Reading the poem you get the impression that it refers to an actual village, recently abandoned. But if so I have not yet been able to identify the village. It seems to have been an industrial village, the mills now empty, where the village people demanded a fairer sharer of the profits and were forced to leave in an impoverished state when the owner laid them off rather than accede to their demands.

 

If it was a real village then there are several ways in which W H Davies may have become aware of it:

 

·    He may have read about it during one of his many visits to the local library.

 

·    He may have passed through the village on his travels as a vagrant in southern Britain and the English midlands.

 

·    He may have been told about it at a lodging house by one of the gridlers, pedlars, or downrighters whose company he shared.

 

 

The Forsaken Dead

 

What tyrant starved the living out, and kept

Their dead in this deserted settlement?

There is no voice at home, no eyes to look

Down from their windows on these gardens wild;

A tyrant hath refused his people work,

Since they had claimed a right to share his spoils,

And they have left their dead forsaken here.

Here will I sit upon this fallen tree,

Beside these ancient ruins, ivy-crowned,

Where Nature makes green mosses ooze and spread

Out of the pores of their decaying walls

Here will I sit to mourn that people gone.

Where are they gone that there's no maiden left

To weep the fall of this sweet village lost,

Down where its waters pass the empty mills?
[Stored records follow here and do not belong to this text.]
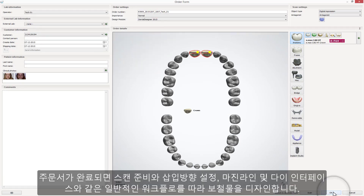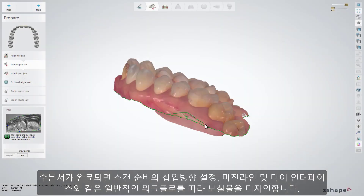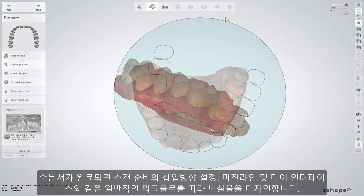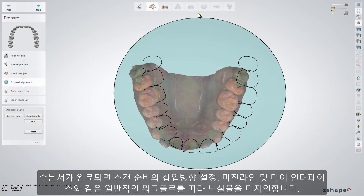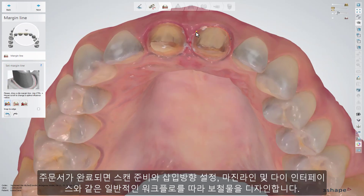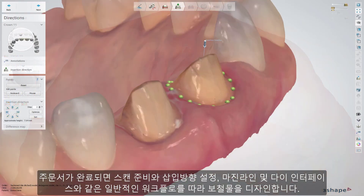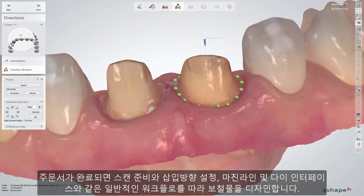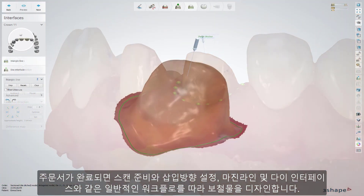Once the order has been created, follow the usual workflow path of preparing a scan, setting the insertion direction, the margin line, and die interfaces.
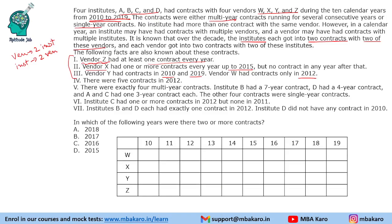We shall make a table with years and vendors. Now we put this information in: vendor Z had at least one contract every year, so we mark a dot for every year. X had one or more contracts every year up to 2015 but no contract beyond that. Y had contracts in 2010 and 2019, and W had contracts only in 2012.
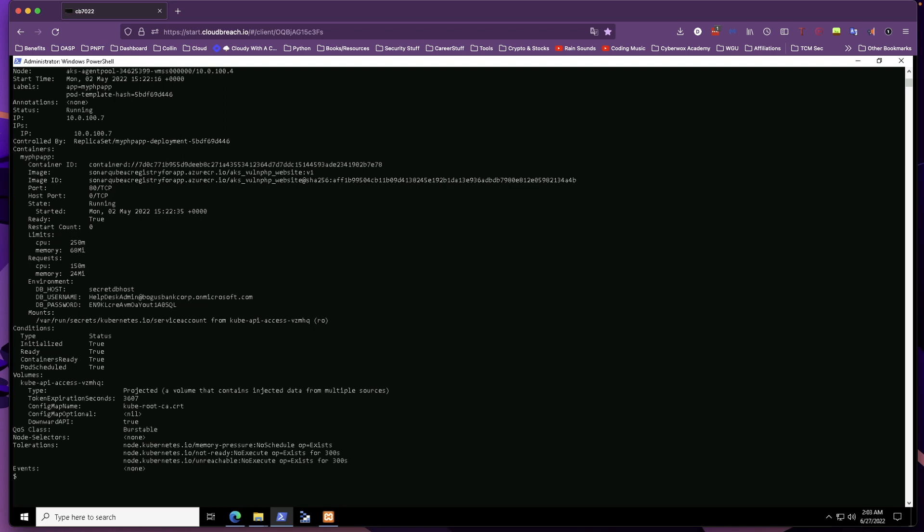With that said, that's the end of the walkthrough for this lab from the Breaching Azure course. Let's get back into the video.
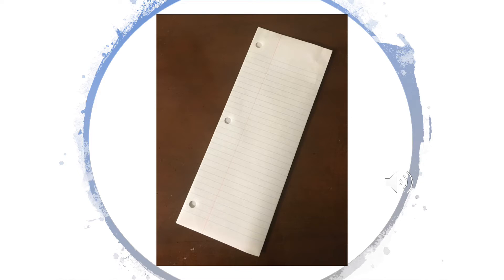Instead of a journal, we're going to start with a regular sheet of notebook paper. Fold it hot dog style, which means lengthwise, like the paper in this picture.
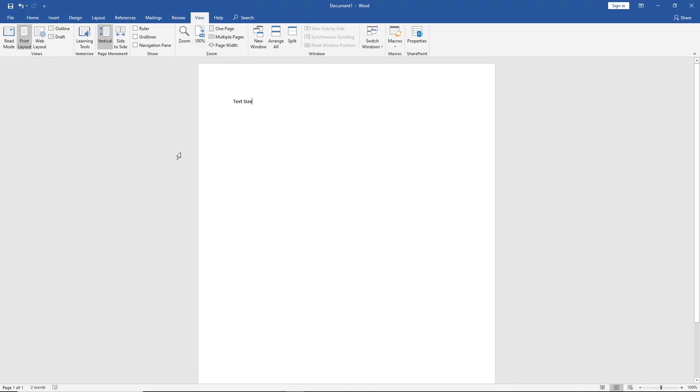So if I were to print this out on paper, it would look the exact size that you see here.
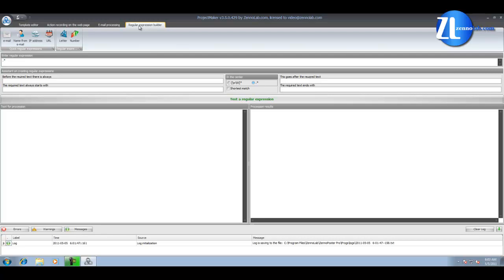Regular expressions. On this tab you can test regular expressions. Regular expressions are needed to parse links, to find messages, and other necessary information. You don't need to have special knowledge to create all these regular expressions. There is an easy-to-use builder in Project Maker.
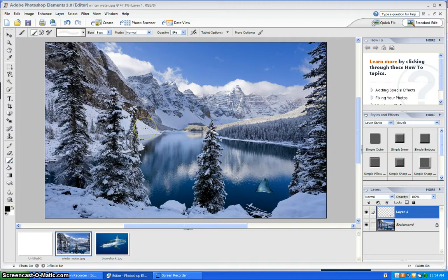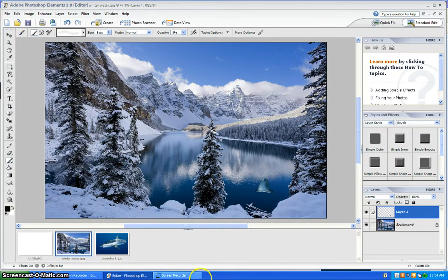And that's how you put a picture into another picture with Adobe Photoshop. Thanks for watching.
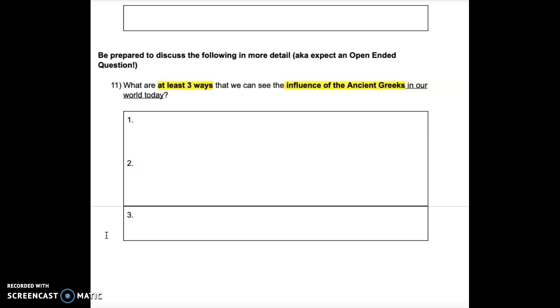Question 11: What are at least three ways that we can see the influence of the ancient Greeks in our world today?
No living thing except one tethered lamb,

That hath been crying full an hour in vain,

And, on that green where children played their games,

Hath browsed his circle bare, and bleats to see

More dewy pastures all beyond his reach.

Where is maid Margaret, whom I saw crowned

Queen of the May before so many eyes?

And scornful Maud, of her rare beauty proud  

That cruel rose bud, with her close hard heart,

Between whose folds no mercy drop could lodge:

And where the men who threw the hammer's weight,

And leapt this common but three moons ago

When unto heaven they sent a deafening shout

Like wild Pacific, when he leaps and falls

At Raratonga, off a coral reef:

Then, in Life's glorious deep they swam and laughed,

And felt no nameless substance touch their limbs

To make them sick with dread of things unseen.

Some other tyrant, in some other shire,

Will drive his people forth, and they will come

Hither, to be this other tyrant's slaves.

Then back, ye famished strangers, or haste on:

There is no joy here, save in one short change;

Be warned to see these dead forsaken here.

Had they no dreamer here who might remain

To sing for them these desolated scenes?

One who might on a starvèd body take

Strong flights beyond the fiery larks in song,

With awful music, passionate with hate?

Were I that bard, and that poor people mine,

I would make strangers curse that tyrant's day:

Would call on Sleep, compeller of strange dreams,

Who leads the unbeliever to the Heaven he doubts,

And makes a false one fear the Hell he scorns –

Would call on Sleep to bring him ghastly dreams,

And haunt that tyrant's night without repose.